[Crawled caption data]
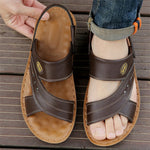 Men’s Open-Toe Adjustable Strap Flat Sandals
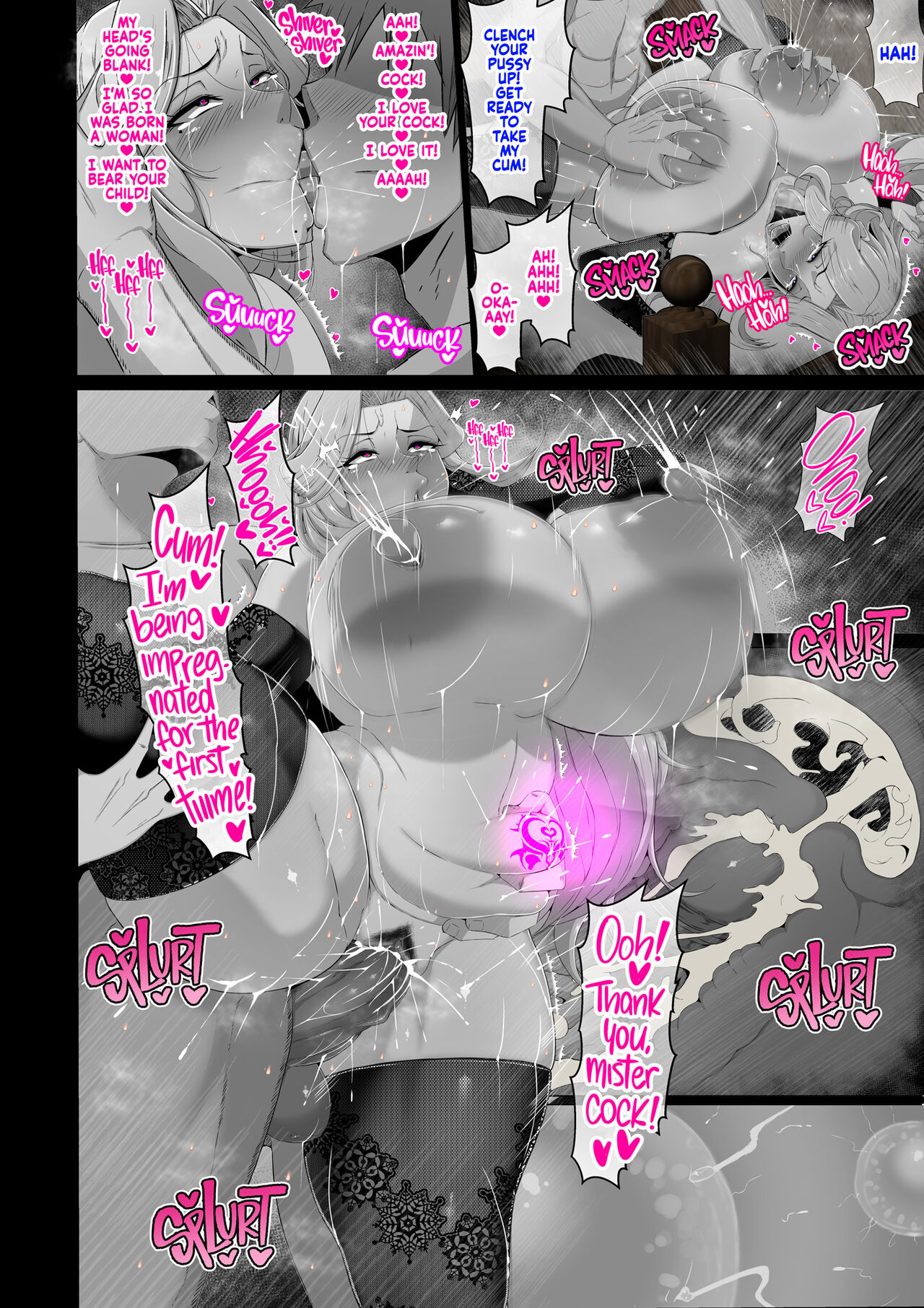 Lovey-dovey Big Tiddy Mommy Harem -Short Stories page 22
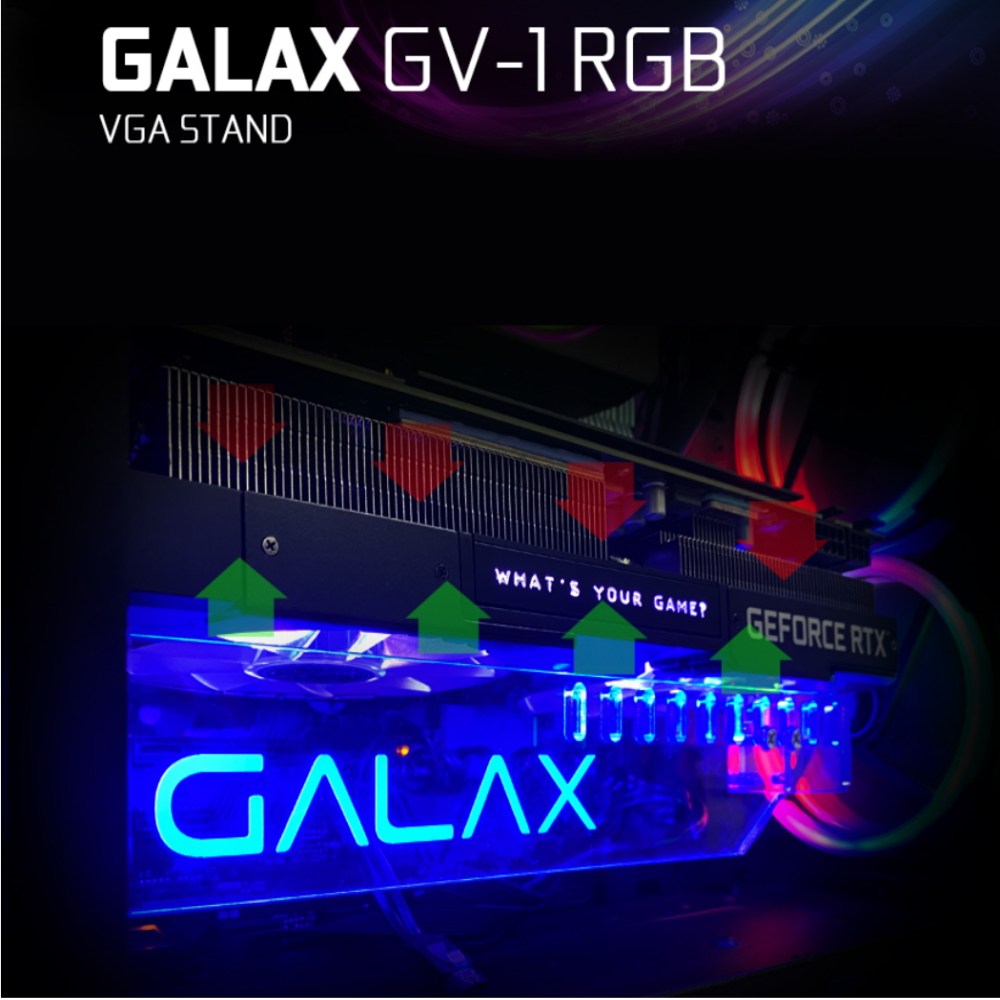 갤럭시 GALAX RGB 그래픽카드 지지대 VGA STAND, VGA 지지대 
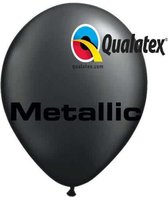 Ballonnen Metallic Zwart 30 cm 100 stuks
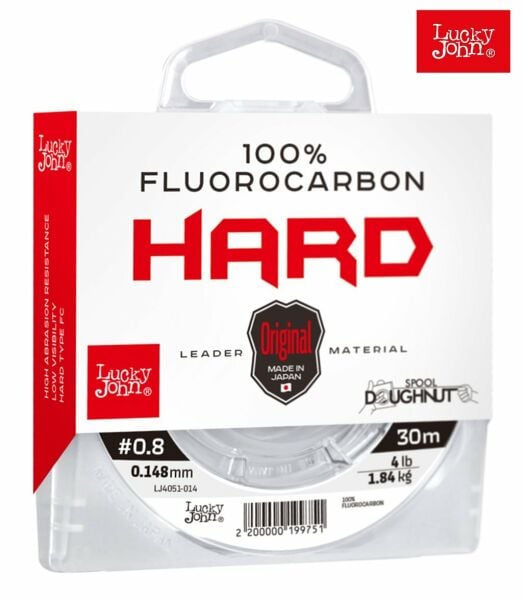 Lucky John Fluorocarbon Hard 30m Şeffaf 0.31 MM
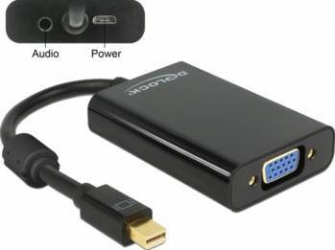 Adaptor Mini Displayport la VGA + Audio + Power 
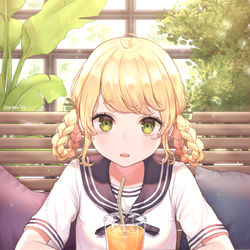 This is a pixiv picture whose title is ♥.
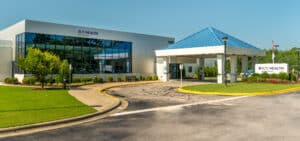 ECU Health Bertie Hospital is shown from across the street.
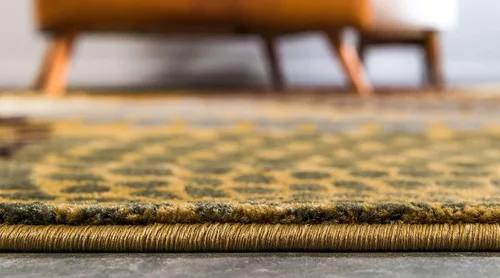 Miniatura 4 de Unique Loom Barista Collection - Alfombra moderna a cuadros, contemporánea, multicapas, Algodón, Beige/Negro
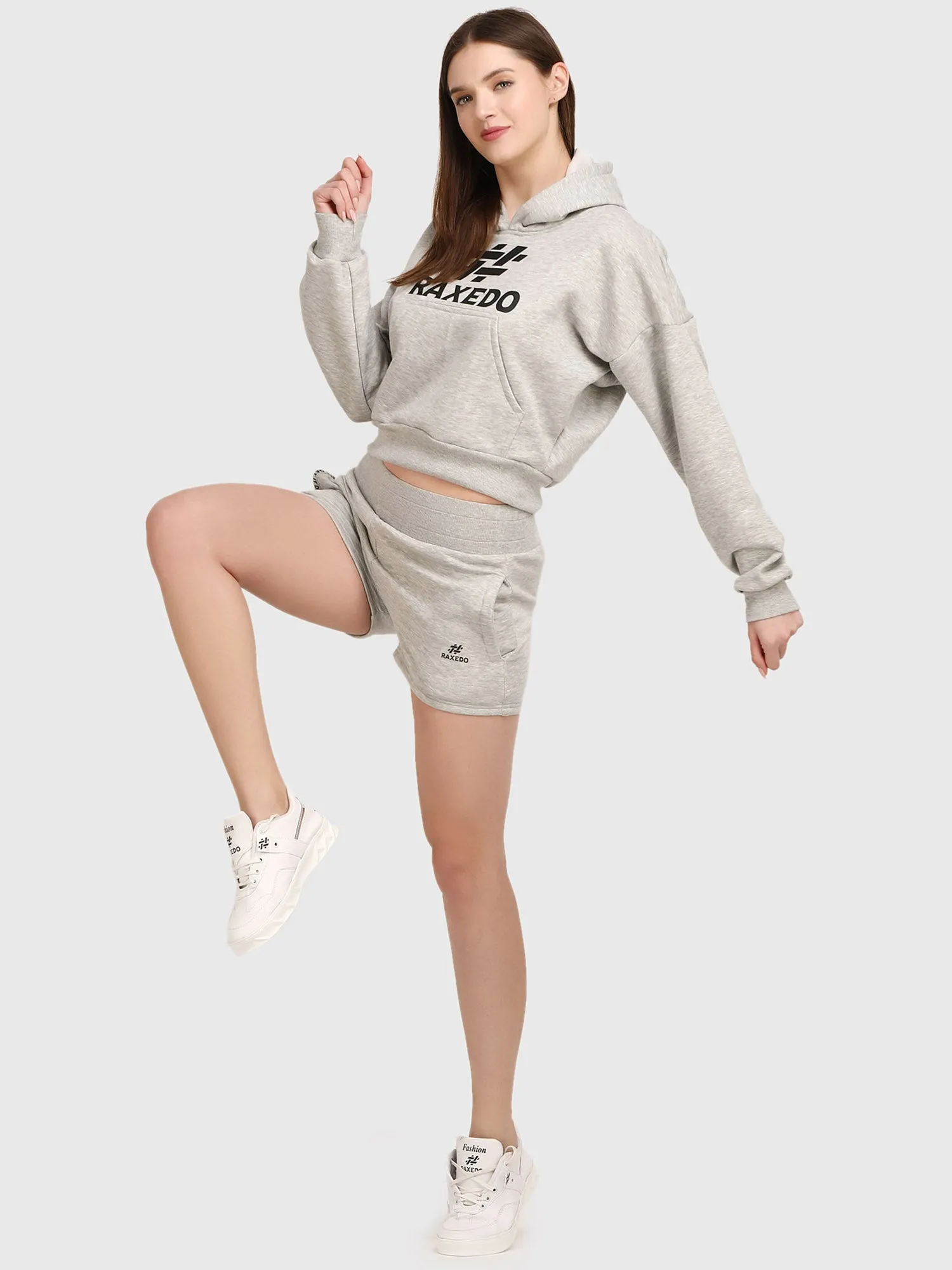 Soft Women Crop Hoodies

Task statement: From the line containing "Lucky John Fluorocarbon" down to the last line of the entries above, retype each line exactly as it stands, but skip the pictures.

Reply:
 Lucky John Fluorocarbon Hard 30m Şeffaf 0.31 MM
 Adaptor Mini Displayport la VGA + Audio + Power 
 This is a pixiv picture whose title is ♥.
 ECU Health Bertie Hospital is shown from across the street.
 Miniatura 4 de Unique Loom Barista Collection - Alfombra moderna a cuadros, contemporánea, multicapas, Algodón, Beige/Negro
 Soft Women Crop Hoodies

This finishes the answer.